In the above configuration, the resolutions to be downscaled are 360p, 480p, 720p, 1080p, 1440p, and 2160p.
When predicting the resolution of the video contents, the maximum predictable resolution is min (U, the resolution of the original video contents).
The operation (d) includes: operation (d1) of determining whether the current quality score difference (DP), which is the difference between the quality scores of the two adjacent resolution video clips currently being processed, is below the threshold (E); operation (d2) of, if the current quality score difference (DP) is below the threshold (E), determining whether the previous quality score difference (DB), which is the difference in quality scores between the previously processed adjacent resolution video clips, is below the threshold (E); and operation (d3) of, if both the current quality score difference (DP) and the previous quality score difference (DB) are below the threshold (E), predicting the lower resolution used in calculating the previous quality score difference (DB) as the resolution of the video clip.
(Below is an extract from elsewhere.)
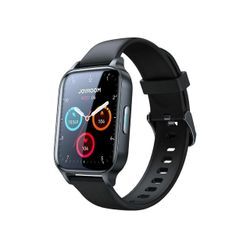 Fit-Life Smartwatch Armbanduhr IP68 Gesundheitsüberwachung Herzfrequenz Dunkelgrau (JR-FT3)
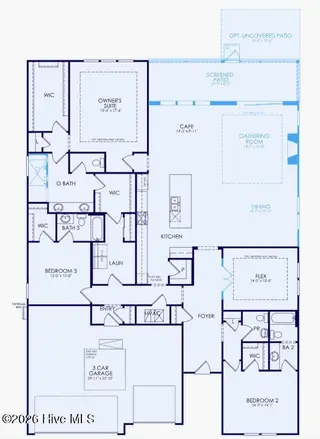 6027 Greater Burdock Court, Leland, NC 28479 – photo 3: Renown Floorplan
The operation (d) includes operation (d4) of, if at least one of the current quality score difference (DP) or the previous quality score difference (DB) is above the threshold (E), calculating the quality score difference up to the final resolution, and predicting the resolution at which the maximum quality score difference (Dmax) among the current quality score difference (DP) and the previous quality score difference (DB), based on the final resolution, occurs as the resolution of the video clip.
The AI model used in operation (b) is built by training multiple (M) video training datasets with various resolutions ranging from 360p, 480p, 720p, 1080p, 1440p, and 2160p based on a deep learning.
The training dataset is the Youtube-User-Generated Contents (Youtube-UGC) dataset.
The number of training datasets (M) is more than 1,000.
In preparing the training dataset, videos with a high percentage of quality defects are removed by filtering by each defect category up to the maximum floor ((N/100)*M, where N is a natural number that may be set).
Quality defects remove video contents with a high percentage of defects that are (1) too dark, (2) too bright, and (3) too blurry by filtering for each of the defect items in (1), (2), and (3).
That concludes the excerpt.